Directions for this task:
Your answer is the lines below, exactly, from the one that contains "9cm Heels Platform" through the one that contains "Fendi Large Zucca", both included.

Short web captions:
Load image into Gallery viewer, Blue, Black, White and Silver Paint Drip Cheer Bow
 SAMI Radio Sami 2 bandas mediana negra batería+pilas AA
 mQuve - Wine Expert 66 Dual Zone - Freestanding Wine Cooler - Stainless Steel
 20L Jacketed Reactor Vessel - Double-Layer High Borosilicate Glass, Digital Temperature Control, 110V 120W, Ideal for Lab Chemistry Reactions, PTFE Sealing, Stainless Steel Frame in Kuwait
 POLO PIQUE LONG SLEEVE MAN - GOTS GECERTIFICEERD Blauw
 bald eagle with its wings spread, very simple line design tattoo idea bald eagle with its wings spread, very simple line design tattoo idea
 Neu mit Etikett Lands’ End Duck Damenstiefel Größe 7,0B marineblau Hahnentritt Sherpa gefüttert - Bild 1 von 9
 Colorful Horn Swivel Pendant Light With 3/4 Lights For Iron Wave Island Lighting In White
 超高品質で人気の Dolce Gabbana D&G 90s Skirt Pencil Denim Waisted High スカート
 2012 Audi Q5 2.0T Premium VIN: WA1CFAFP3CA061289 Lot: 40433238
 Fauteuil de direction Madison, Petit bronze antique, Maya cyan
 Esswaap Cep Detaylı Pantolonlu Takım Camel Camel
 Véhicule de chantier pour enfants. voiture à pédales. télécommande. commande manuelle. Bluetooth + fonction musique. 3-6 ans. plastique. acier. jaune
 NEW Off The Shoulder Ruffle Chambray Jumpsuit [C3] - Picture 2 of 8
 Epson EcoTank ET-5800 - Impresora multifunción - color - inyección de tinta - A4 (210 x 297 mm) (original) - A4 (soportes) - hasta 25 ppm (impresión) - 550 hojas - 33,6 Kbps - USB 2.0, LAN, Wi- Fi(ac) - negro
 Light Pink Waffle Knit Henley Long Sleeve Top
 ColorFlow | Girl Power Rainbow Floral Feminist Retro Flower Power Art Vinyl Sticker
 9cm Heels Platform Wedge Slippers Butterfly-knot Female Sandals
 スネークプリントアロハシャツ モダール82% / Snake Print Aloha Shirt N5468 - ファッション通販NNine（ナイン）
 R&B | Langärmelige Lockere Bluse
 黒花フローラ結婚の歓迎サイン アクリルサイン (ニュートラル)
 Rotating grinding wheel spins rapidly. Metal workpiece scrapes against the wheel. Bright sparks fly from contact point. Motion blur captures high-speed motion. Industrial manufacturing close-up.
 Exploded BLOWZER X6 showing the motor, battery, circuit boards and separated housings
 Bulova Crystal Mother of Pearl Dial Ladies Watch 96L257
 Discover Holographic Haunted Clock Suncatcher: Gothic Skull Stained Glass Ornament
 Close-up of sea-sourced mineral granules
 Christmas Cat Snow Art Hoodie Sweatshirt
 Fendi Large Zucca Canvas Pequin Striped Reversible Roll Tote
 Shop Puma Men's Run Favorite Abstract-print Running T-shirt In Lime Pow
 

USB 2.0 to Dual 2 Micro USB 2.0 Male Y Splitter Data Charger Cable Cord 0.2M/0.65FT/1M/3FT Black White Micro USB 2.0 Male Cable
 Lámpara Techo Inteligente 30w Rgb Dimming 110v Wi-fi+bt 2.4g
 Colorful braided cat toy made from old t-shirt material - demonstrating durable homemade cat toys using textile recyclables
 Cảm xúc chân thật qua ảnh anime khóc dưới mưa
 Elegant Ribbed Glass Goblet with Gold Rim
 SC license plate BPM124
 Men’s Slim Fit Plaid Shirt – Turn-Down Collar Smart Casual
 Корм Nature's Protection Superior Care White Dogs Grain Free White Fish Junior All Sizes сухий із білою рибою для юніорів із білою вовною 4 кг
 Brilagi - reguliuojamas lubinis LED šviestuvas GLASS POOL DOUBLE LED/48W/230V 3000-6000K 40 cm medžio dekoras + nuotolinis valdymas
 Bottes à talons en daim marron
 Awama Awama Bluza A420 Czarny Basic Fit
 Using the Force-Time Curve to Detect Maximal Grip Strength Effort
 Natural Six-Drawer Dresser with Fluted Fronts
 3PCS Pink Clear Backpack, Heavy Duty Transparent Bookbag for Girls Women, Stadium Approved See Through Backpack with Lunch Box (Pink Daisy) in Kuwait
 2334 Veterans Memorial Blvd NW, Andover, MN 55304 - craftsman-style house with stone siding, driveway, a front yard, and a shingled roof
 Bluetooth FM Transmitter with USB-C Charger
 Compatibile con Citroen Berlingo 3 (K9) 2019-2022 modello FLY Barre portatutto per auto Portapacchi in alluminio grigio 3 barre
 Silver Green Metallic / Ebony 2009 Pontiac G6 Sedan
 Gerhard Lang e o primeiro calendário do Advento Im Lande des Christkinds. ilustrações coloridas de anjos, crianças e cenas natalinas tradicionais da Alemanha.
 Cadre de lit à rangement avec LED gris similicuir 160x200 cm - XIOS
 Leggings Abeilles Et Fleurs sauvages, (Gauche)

Result:
 9cm Heels Platform Wedge Slippers Butterfly-knot Female Sandals
 スネークプリントアロハシャツ モダール82% / Snake Print Aloha Shirt N5468 - ファッション通販NNine（ナイン）
 R&B | Langärmelige Lockere Bluse
 黒花フローラ結婚の歓迎サイン アクリルサイン (ニュートラル)
 Rotating grinding wheel spins rapidly. Metal workpiece scrapes against the wheel. Bright sparks fly from contact point. Motion blur captures high-speed motion. Industrial manufacturing close-up.
 Exploded BLOWZER X6 showing the motor, battery, circuit boards and separated housings
 Bulova Crystal Mother of Pearl Dial Ladies Watch 96L257
 Discover Holographic Haunted Clock Suncatcher: Gothic Skull Stained Glass Ornament
 Close-up of sea-sourced mineral granules
 Christmas Cat Snow Art Hoodie Sweatshirt
 Fendi Large Zucca Canvas Pequin Striped Reversible Roll Tote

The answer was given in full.